What the task requires: Output exactly the lines of the listing below that run from the line with "Aventurine beaded necklace" through the line with "The Lantern Boat Sleeps in Wisteria Gold". No pictures.

Extracted data:
-------
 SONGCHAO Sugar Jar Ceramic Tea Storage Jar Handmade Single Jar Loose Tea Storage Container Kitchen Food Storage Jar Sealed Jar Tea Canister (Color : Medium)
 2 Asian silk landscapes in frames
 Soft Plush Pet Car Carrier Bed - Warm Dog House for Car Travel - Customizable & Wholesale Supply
-------
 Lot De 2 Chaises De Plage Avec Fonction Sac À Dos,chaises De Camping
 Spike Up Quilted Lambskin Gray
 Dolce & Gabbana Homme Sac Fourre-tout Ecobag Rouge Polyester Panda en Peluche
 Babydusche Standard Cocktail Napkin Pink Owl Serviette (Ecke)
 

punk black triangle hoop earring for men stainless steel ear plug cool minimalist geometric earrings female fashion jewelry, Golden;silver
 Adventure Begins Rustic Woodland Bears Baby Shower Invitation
-------
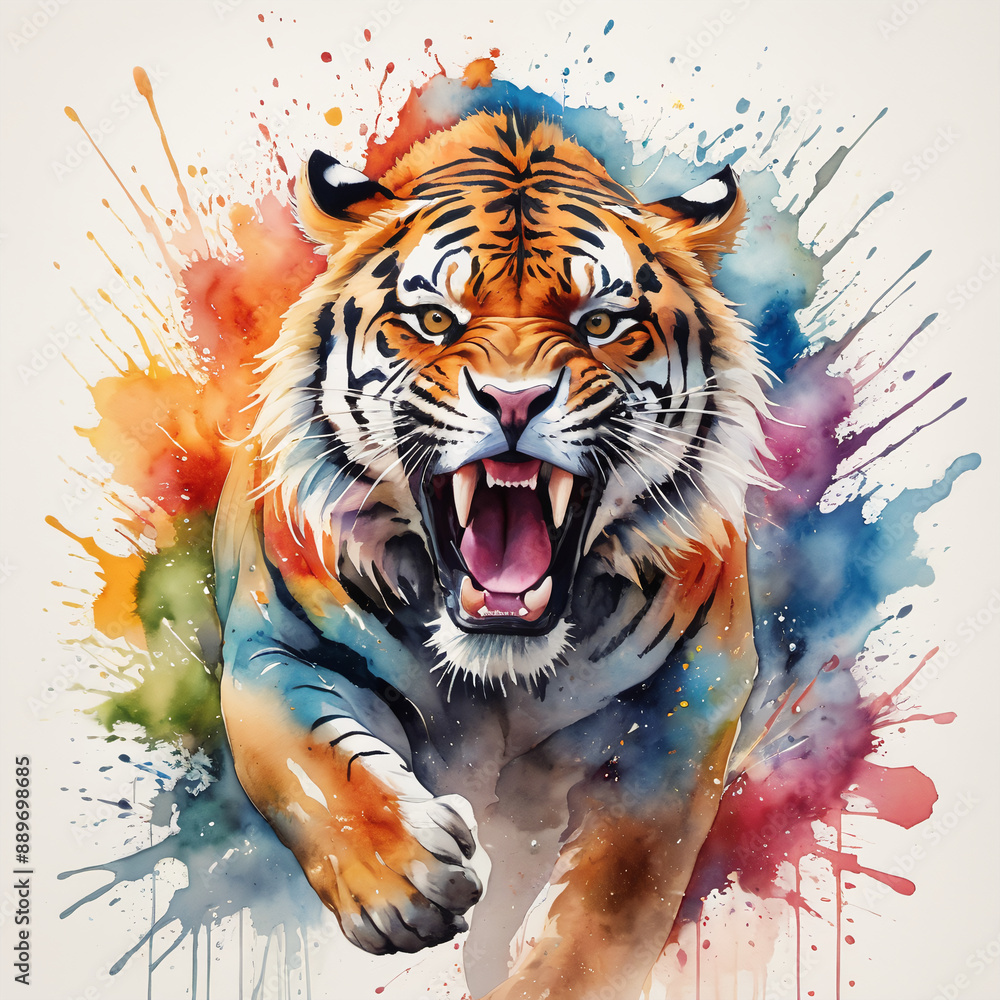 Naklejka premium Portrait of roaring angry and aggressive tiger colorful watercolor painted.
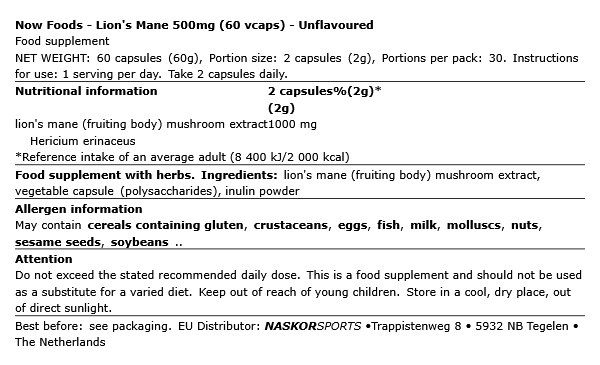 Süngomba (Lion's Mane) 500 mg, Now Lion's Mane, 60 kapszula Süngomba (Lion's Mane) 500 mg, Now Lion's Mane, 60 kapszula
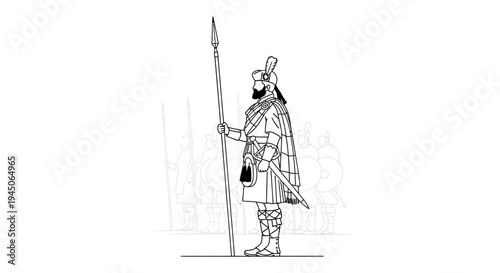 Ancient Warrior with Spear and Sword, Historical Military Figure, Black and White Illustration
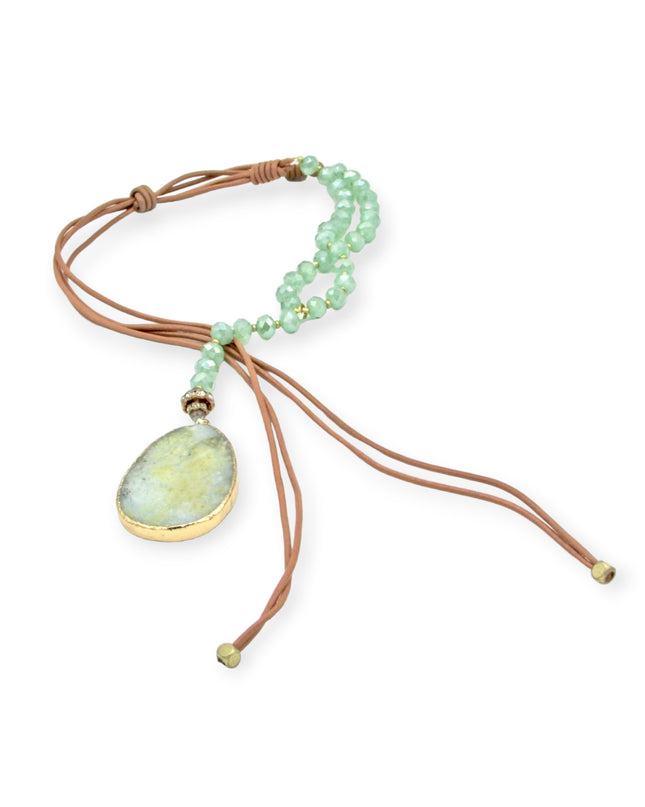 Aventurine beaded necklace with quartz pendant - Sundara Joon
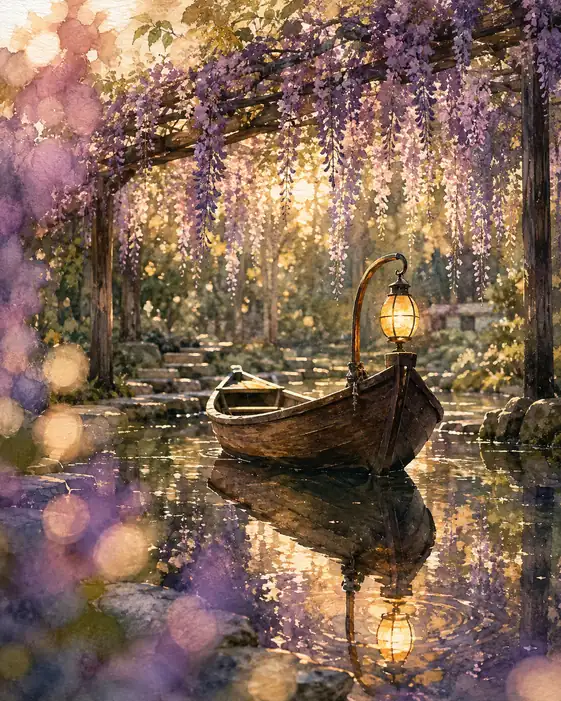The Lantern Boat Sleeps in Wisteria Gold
-------
Expected output:
 Aventurine beaded necklace with quartz pendant - Sundara Joon
The Lantern Boat Sleeps in Wisteria Gold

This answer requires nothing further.